Segment Start: INPUT DATA

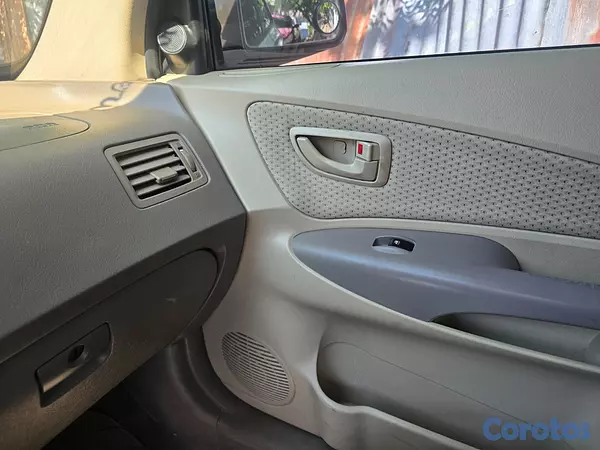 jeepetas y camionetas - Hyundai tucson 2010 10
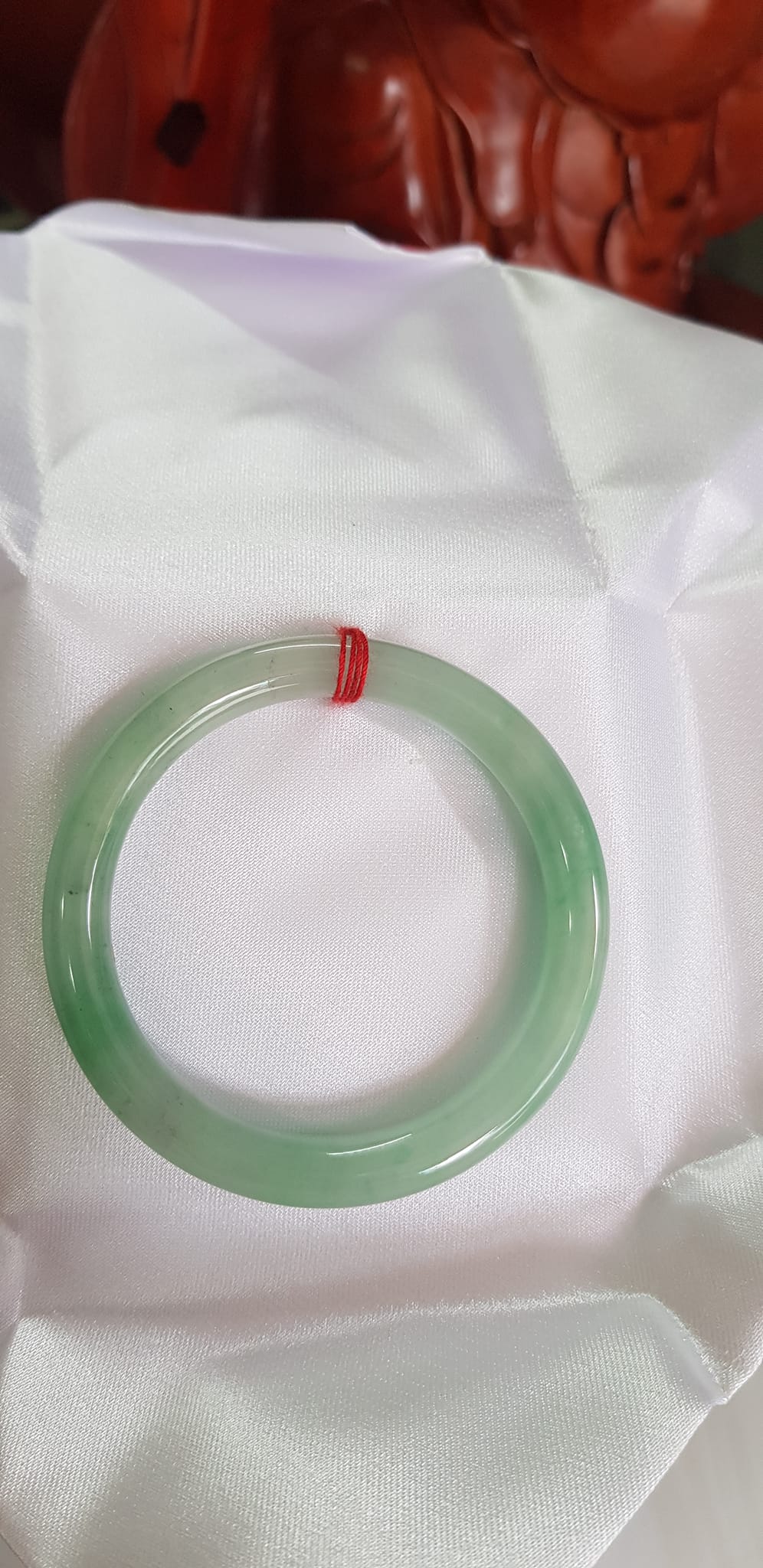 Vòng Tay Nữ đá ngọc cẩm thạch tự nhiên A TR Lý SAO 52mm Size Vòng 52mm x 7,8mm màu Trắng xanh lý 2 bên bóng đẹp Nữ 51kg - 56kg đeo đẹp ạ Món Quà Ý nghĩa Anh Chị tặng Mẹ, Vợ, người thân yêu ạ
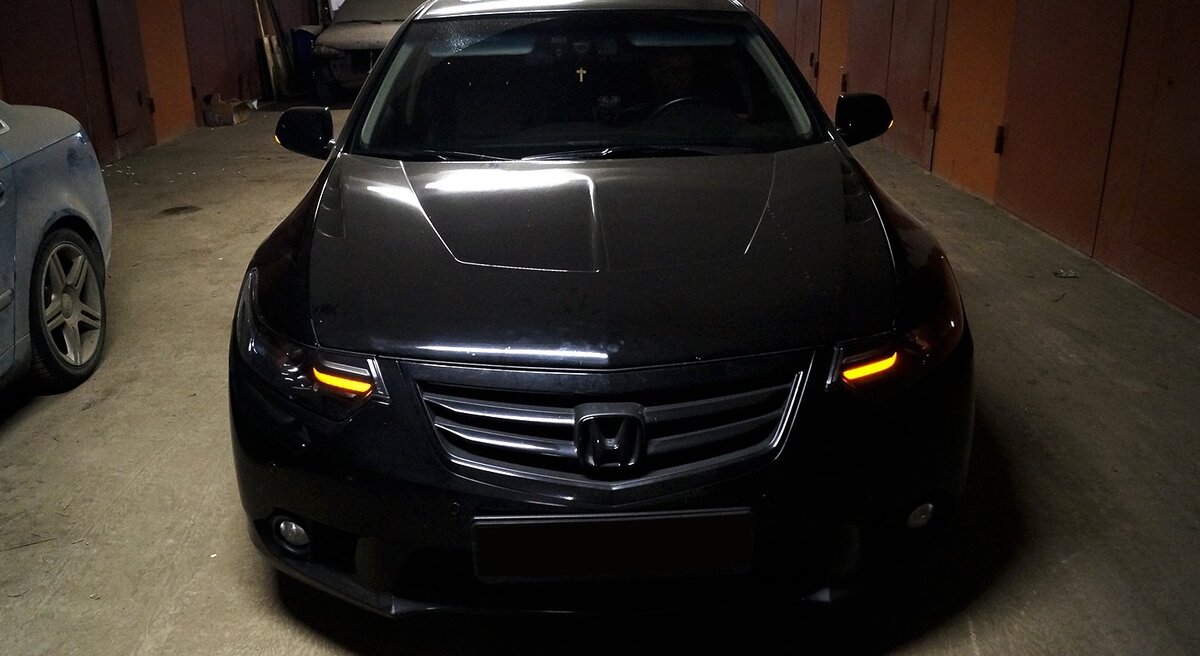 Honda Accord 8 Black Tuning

Segment End: INPUT DATA

AIM OF THE EXERCISE: Word for word, return the material above; the pictures stay out.

REPLY:
 jeepetas y camionetas - Hyundai tucson 2010 10
 Vòng Tay Nữ đá ngọc cẩm thạch tự nhiên A TR Lý SAO 52mm Size Vòng 52mm x 7,8mm màu Trắng xanh lý 2 bên bóng đẹp Nữ 51kg - 56kg đeo đẹp ạ Món Quà Ý nghĩa Anh Chị tặng Mẹ, Vợ, người thân yêu ạ
 Honda Accord 8 Black Tuning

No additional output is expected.